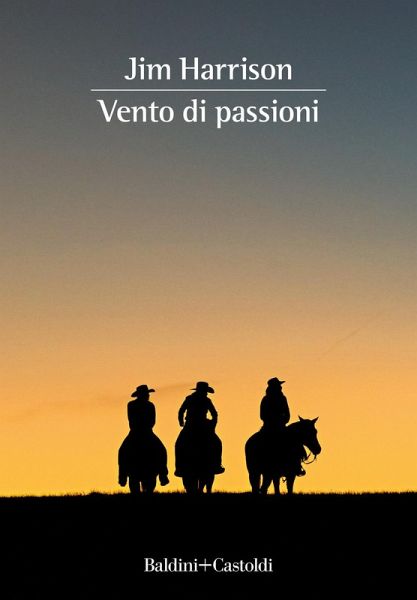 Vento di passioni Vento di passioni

---

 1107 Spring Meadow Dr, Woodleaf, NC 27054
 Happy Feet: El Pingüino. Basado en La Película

---

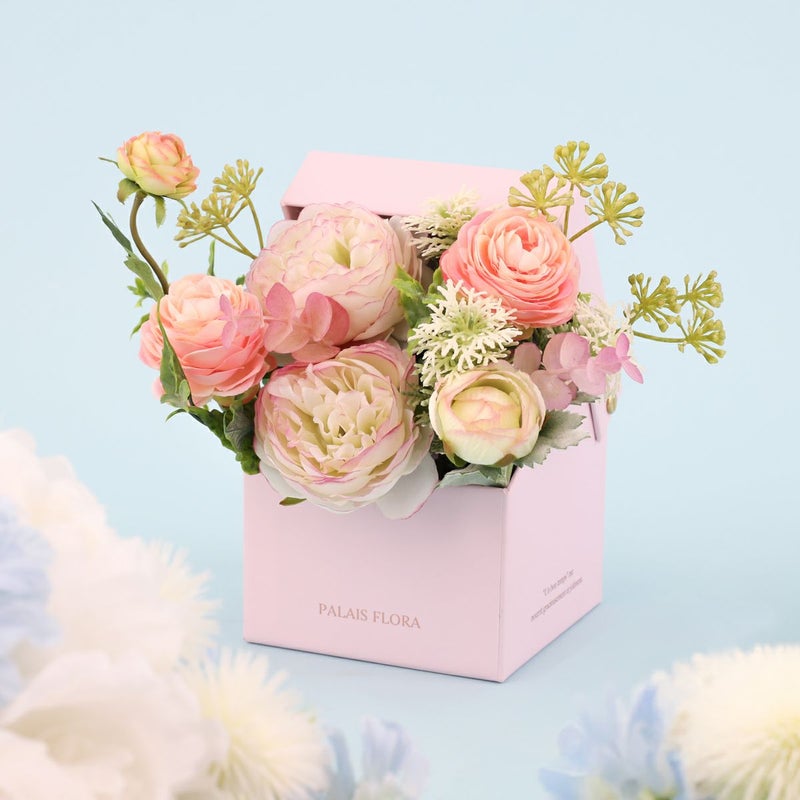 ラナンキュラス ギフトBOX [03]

---

- **THE TASK**
Give back, unchanged, the run of lines in the listing above that begins at the line containing "1107 Spring Meadow Dr, Woodleaf, NC 27054" and ends at the line containing "Happy Feet: El", both included.

- **RESULT FOR THIS EXERCISE**
 1107 Spring Meadow Dr, Woodleaf, NC 27054
 Happy Feet: El Pingüino. Basado en La Película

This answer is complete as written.